República de las Letras

Hijos del silencio

Solo nos importaba la música, las canciones que cantábamos en nuestro improvisado escenario

Mañanacomienza el otoño. Las mañanas de domingo de otoño e invierno en Almería eran tibias y el sol, suave, coloreaba el día de un azul claro irreal. Dos cosas se podían hacer: una, dar vueltas por el Paseo y aledaños hasta la hora de la cerveza y la tapita en Los Claveles, en El Turia o en El Negresco. Otra, la mejor, porque no disponíamos siempre de peculio, ir a la Alcazaba a tocar la guitarra y cantar. Al pie de la Torre de la Pólvora, subiendo por el Paseo de Ramón Castilla -nombre del gobernador civil que en los últimos 50 construyó el camino de circunvalación del monumento-, encontramos el lugar ideal para nuestros particulares conciertos. Éramos cuatro amigos adolescentes, con esa belleza y esa ingenuidad que da la edad aún no adulta recién estrenada, llenos de sueños, de imaginación y de urgencias vitales. La Vida a nuestro alrededor no tenía sentido sin el sabor de la amistad, la amistad verdadera, total, esa que exige lealtad por encima de todo y de todos. Hijos del silencio, nada sabíamos de lo que ocurría en el mundo: el asesinato de Kennedy, las bombas de Palomares, la revuelta estudiantil de mayo del 68 en París, la revolución "hippie", la Primavera de Praga, la llegada de los americanos a la Luna, que los viejos recalcitrantes del lugar ponían en duda… Un silencio social se extendía sobre todo eso. La gente vivía su día a día con escepticismo y nosotros no éramos más que hijos de ese silencio y ese escepticismo.

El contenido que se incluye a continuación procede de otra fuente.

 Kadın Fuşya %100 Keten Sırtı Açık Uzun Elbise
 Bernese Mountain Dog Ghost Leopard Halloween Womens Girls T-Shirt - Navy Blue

Solo nos importaba la música, las canciones que cantábamos en nuestro improvisado escenario de la Alcazaba y que lanzábamos al mundo, representado por los barrios de Plaza Pavía, "Reduto", Chanca, "Joya", Pescadería…, el mundo que se extendía a nuestros pies y que, imaginábamos, nos aclamaba. En nuestro sueño juvenil, el corazón en un puño siempre, aquellas letras expresaban mágicamente, pues no comprendíamos cómo los autores sabían hurgar tan certeramente en nuestros pensamientos más profundos, todos los sentimientos enervados y las emociones encendidas de nuestra adolescencia. Eran Los Brincos, Los Bravos, Fórmula V, las versiones Beatles de Los Mustang, las adaptaciones de Lone Star o Los Salvajes…; eran Adamo, Leonardo Favio, incluso Rafael…

Luego serían cine o bailes en el Casino o los Dominicos. Y la vida seguía, a la espera de las siguientes emociones al pie de la Alcazaba. Que siempre que cumplo años me acuerdo de todo esto.